Lost Doctor Who episode recovered - but how will we 'recover' websites in the future?

 by Martin Belam, 16 January 2004

The BBC announced yesterday that they had recovered one of the missing episodes of Doctor Who from the 60's - "Day of Armageddon" from the William Hartnell story known as "The Daleks Master Plan". It has been handed to the restoration team for "treatment", which hopefully means Vidfire & DVD release. There now remain 108 Doctor Who episodes that are lost. The recovery rate is low enough (erm..well there is this one, and "The Lion" from 'The Crusade' in the last 5 years) to suspect that every find will be the last.

Many other people have devoted many hours to write much better essays about how the BBC came to junk a load of its archived recordings during the late 60's and early 70's. Suffice it to say that at the time they couldn't see any commercial value in retaining black & white recordings with no overseas sales value. There was no video or DVD retail market, plus the BBC was operating at a time when in the UK there were three television channels, none of which operated on a 24 hour basis. [Just pause and think for a minute about that concept]. With those few broadcast hours to fill it wasn't necessary to repeat old shows - "television nostalgia" was a couple of decades away.

The thing that nags at the back of my brain is that, on the whole, much the same thing is happening on the internet. Of course we have the Internet Archive & Wayback Machine, and sometimes the Google cache to recover lost sites, but they are like the accidental tourists of archiving the web. It seems to me that the scientific community has generally been good at archiving their material, but that commercial and public service websites alike have been pretty slack in preserving or future-proofing their internet material.

The Wayback Machine has a few snapshots of how the BBC site looked, and for ages we had on the live servers a site for an Andrew Neil programme from back in 1997 (I think - I'm happy to be corrected) which was apparently the first BBC programme support site. Much to our amusement now it pretty much looked like the average personal website page from the time, and had named credits at the bottom of the page for the coding and development.

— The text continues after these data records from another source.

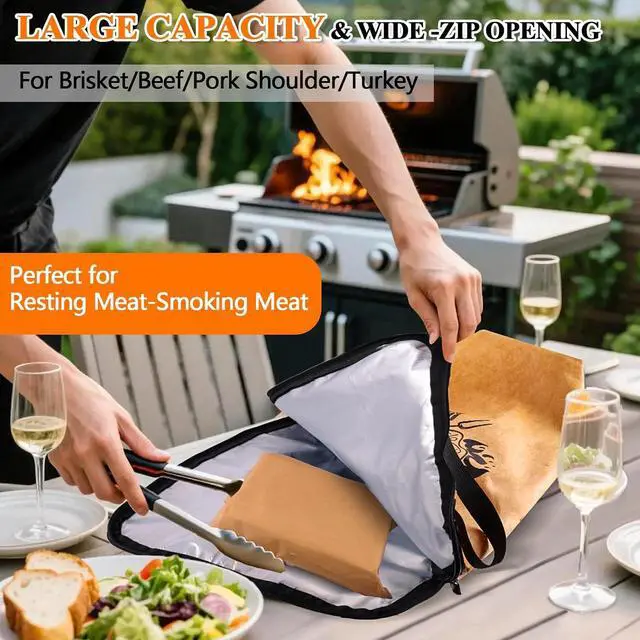 Alt view image 6 of 7 - LANNEY BBQ Blanket for Resting Meat, 21'' Reusable Grilling Insulated Meat Resting Bag with Wide Mouth for Brisket Turkey Pork Shoulder Beef Men Dad Christmas Stocking Stuffers Gift Smoker Accessories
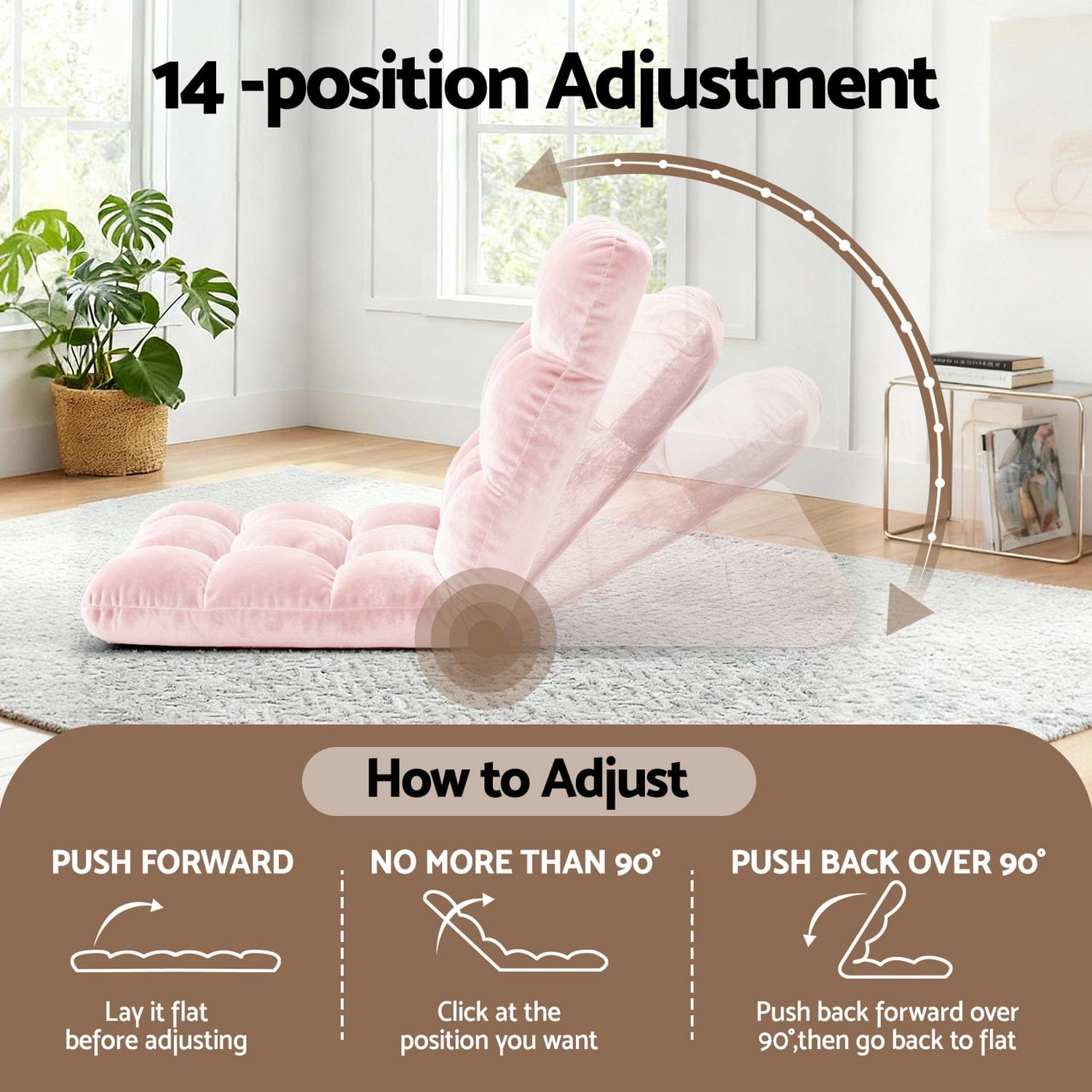 Artiss 2PCS Floor Lounge Sofa Bed Flannel Fabric Pink - SportZone.co.nz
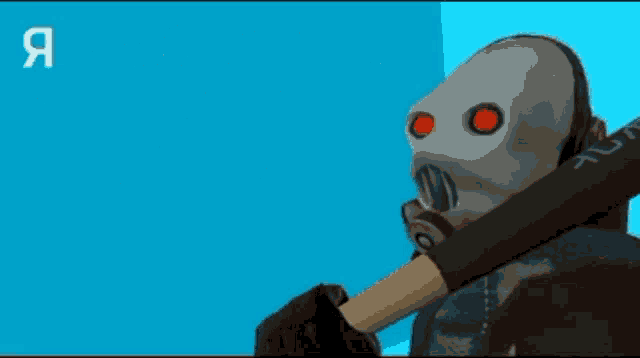 a cartoon character with a gas mask holding a bat with the words i find you and razobly ebballnik on the bottom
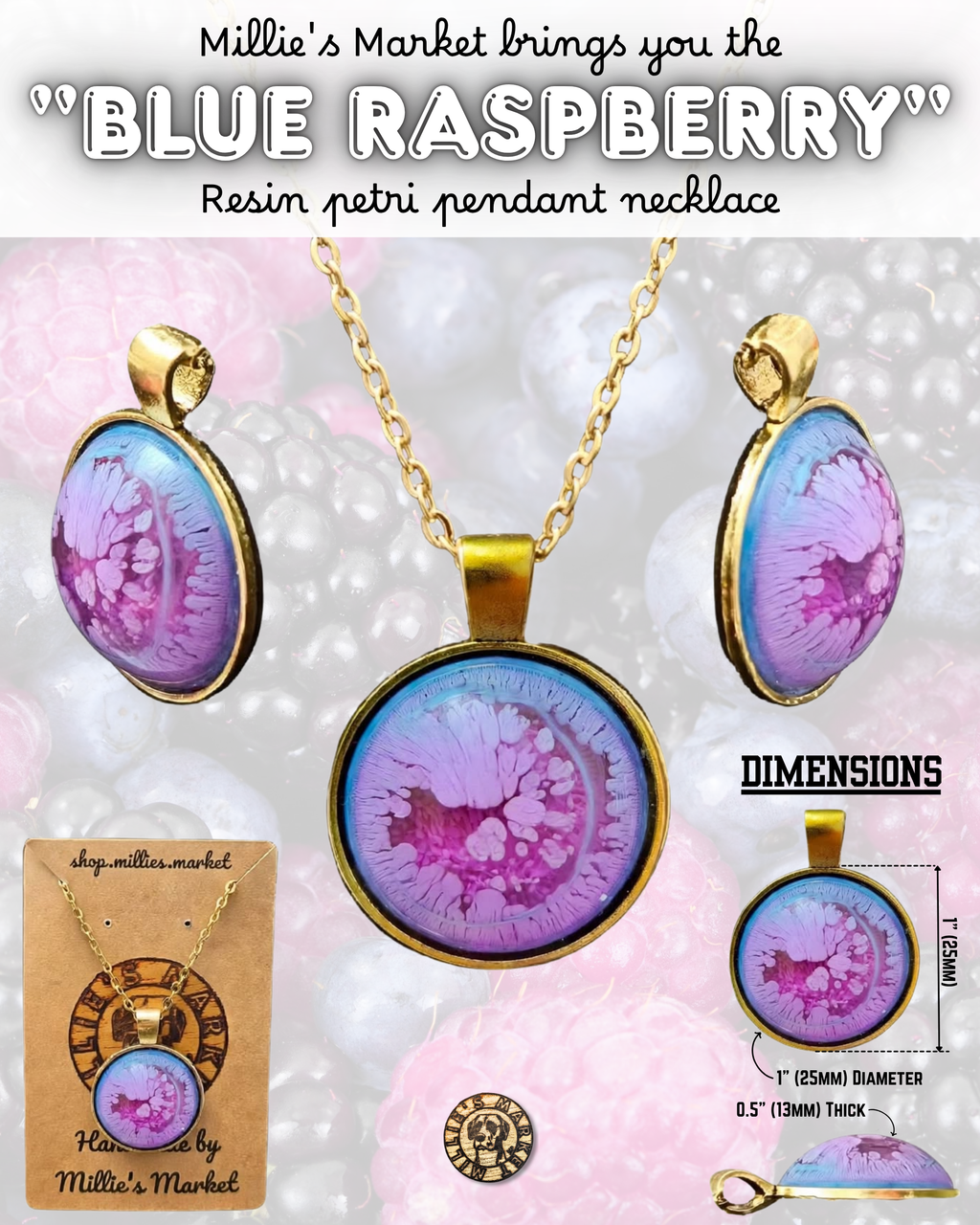 BLUE RASPBERRY Handmade Resin Petri Pendant Necklace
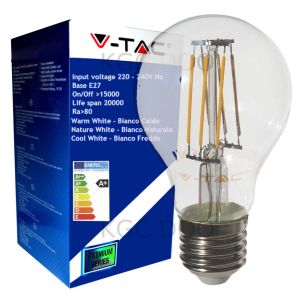 LAMPADINA LED V-Tac E27 6 WATT = 60 WATT BULB A60 FILAMENTO-Bianco Caldo 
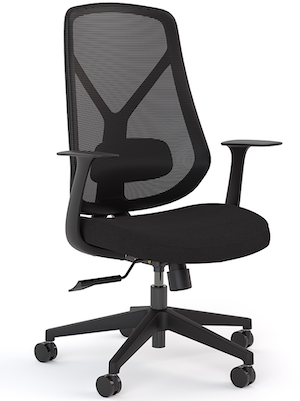 Black Ferlo Mesh Office Chair showing mesh back, moulded fabric seat and removable slimline armrests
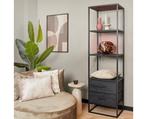Boekenkast Denver Black | Mangohout en staal | 2 lades, Huis en Inrichting, Kasten | Boekenkasten, Ophalen of Verzenden, Nieuw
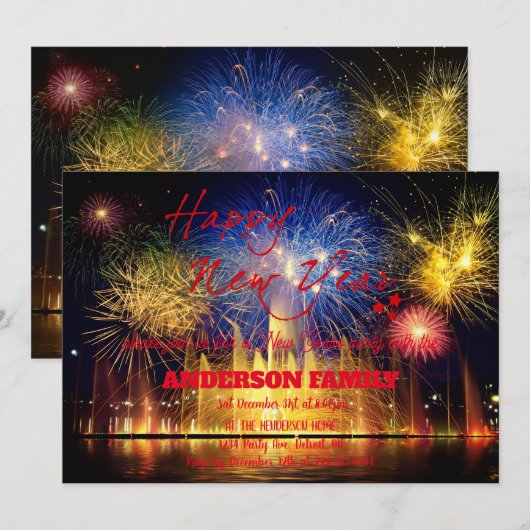 Eenvoudig Rood vuurwerk nieuw jaar Kaart (Voorkant / Achterkant)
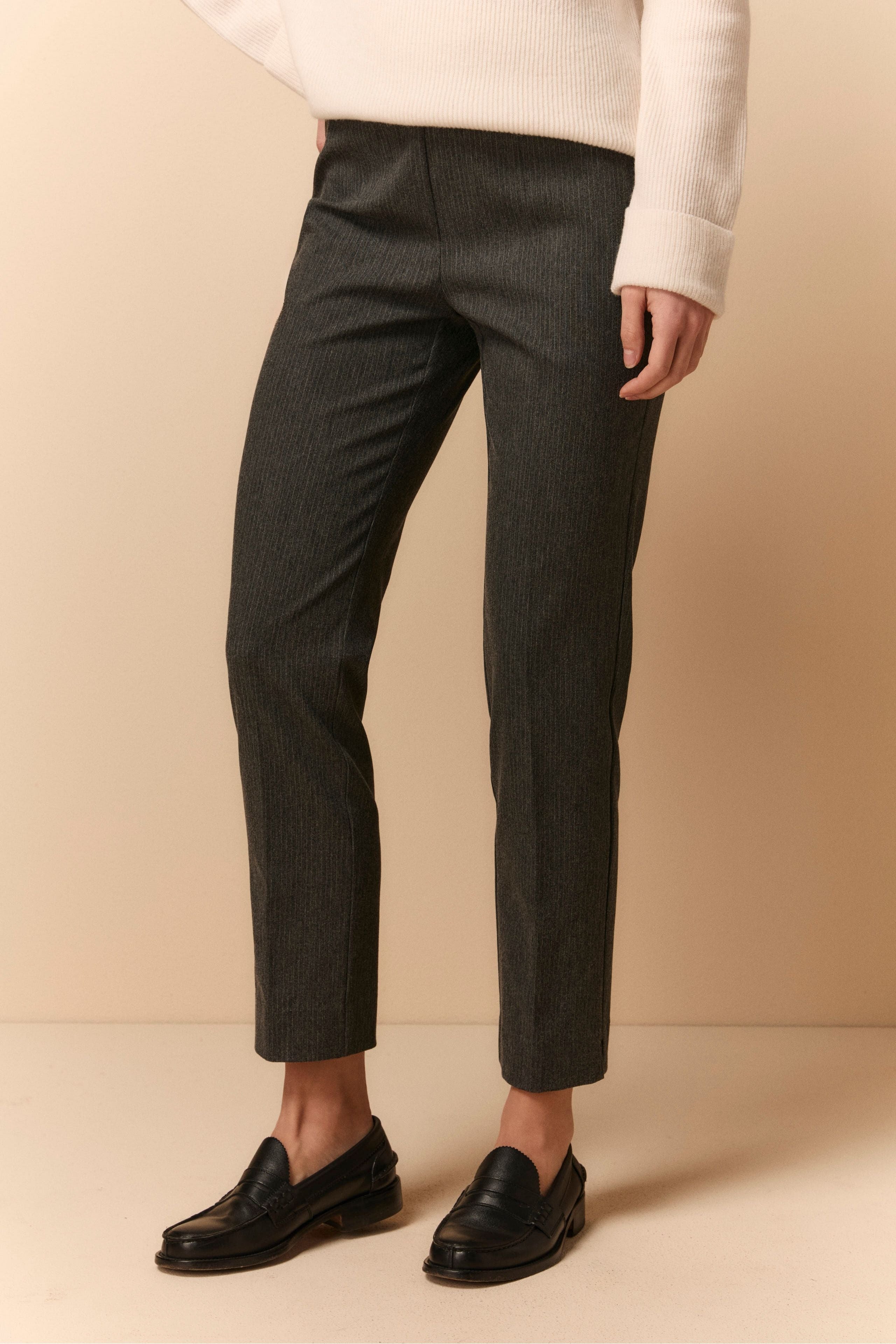 Cigarette Trousers with Belt - Charcoal grey pinstripe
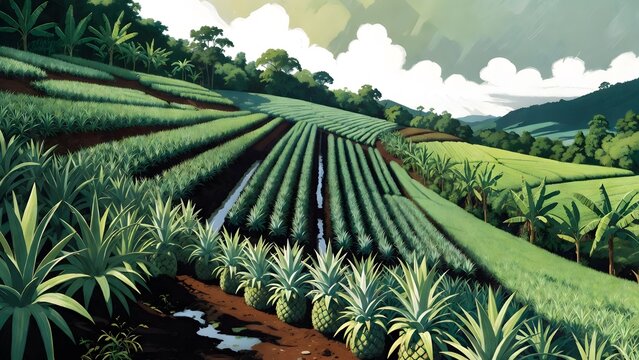 A wide scenic agricultural painting as the main subject, pineapple fields arranged on gentle tropical terraces with volcanic soil paths, rain-fed channels, banana windbreaks, and distant cloud-covered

Last time I looked it wasn't live anymore, which I thought was was a shame.

And I know this problem first-hand. One of the presentations I have done internally at the BBC is the history of how the search service developed across the site. There are a couple of iterations of search on the site which I could not find preserved. To make the presentation complete I had to mock-up how I remembered they looked using the elements available to me. The BBC has a Treasure Hunt amnesty for discarded broadcast material which netted the recovered doctor who episode. Perhaps we should have one for anyone who has preserved screenshots of the web site...

I remember in the olden days, one of the things you could lose your trusted user status for was taking a site down without telling ops so it could be backed up - as much for legal reasons than anything else.

So technically all that stuff should still be available on CD/dat/dlt/punched card somewhere - it's just a question of finding who did it, where they put it, and whether threre is still a way of reading what they put it onto...

There's still a couple of very old sites on the server, for example http://www.bbc.co.uk/election97/. You just have to know where to look.

These days information and archives aren't the problem - they'd love to archive things more regularly. The problem tends to be the production teams, who have a nasty habit of deleting things without telling anyone.

But you knew that already.

Funnily enough, when BBC News switched to designing for 800x600, I sent in an e-mail suggesting that they update the archive to use the new design (assuming their content management system made this possible). They didn't however, and so you can still see old stories as they way they would have looked at the time.

This page shows a fairly early design:
http://news.bbc.co.uk/1/hi/uk/politics/42626.stm (though two server side includes fail).

Curiously, this page of an earlier date shows a newer design:

From what I understand, their content management system doesn't easily allow them to move articles into the new design - although they are working on moving older articles over to the new system as and when they can.